Despite the prevalence of copyrighted material, most companies are not very good at keeping records regarding their copyright licenses. License certificates for software often get lost among other business documents, and licenses for photographs, etc., are not kept or are misplaced over the years. Failing to keep copyright licenses, however, can be a significant mistake. This is particularly so in light of the application of the “Discovery Rule” with respect to copyright infringement.

A Statute of Limitations is a deadline by which an injured party must seek legal relief. Under the Copyright Act, a copyright claim must be brought within 3 years of accrual. This would appear to mean that a claim for copyright infringement must be brought within 3 years of the date that infringement occurred. However, the courts in Utah, and in many other jurisdictions, have ruled that accrual begins at the date on which the copyright owner knew or should have known that their copyright had been infringed.

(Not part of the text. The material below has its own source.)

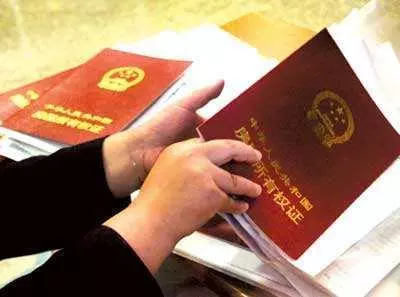 我現在就把房子加上你的名字,咱倆結婚吧;對不起我不稀罕了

This approach to the Statute of Limitations is commonly referred to as the “Discovery Rule.”
The application of the Discovery Rule opens up Pandora’s Box for copyright licensees.

For example, a copyright owner might find his or her photograph on a website 10 or 15 years after the website was developed. Even if the website bought a license to begin with, the odds that the website will have access to records of that fact is fairly small.

Making the matter even more complex is the fact that many small businesses use independent designers to create their websites and other materials. The independent designer may be the only one who has access to copyright license information. This provides little help if the designer has moved on and cannot be located.

Furthermore, the license may not be in the name of the business, but may be in the name of the web designer or even the name of an individual at the business. For example, if you asked a friend to create a website for your business, he may have registered the license in your name, the name of your business, his name, or the name of his business. If you get a notice 10 years later from Getty Images, Corbis, or one of the other copyright licensing agencies, you may have a difficult time determining whether you have a license and who holds it.

The availability of the waybackmachine ( simply expands the possibility that old websites will become fertile ground for finding potential copyright infringers years after the allegedly infringing material has been removed.

Just in case you are “discovered” – keep good records.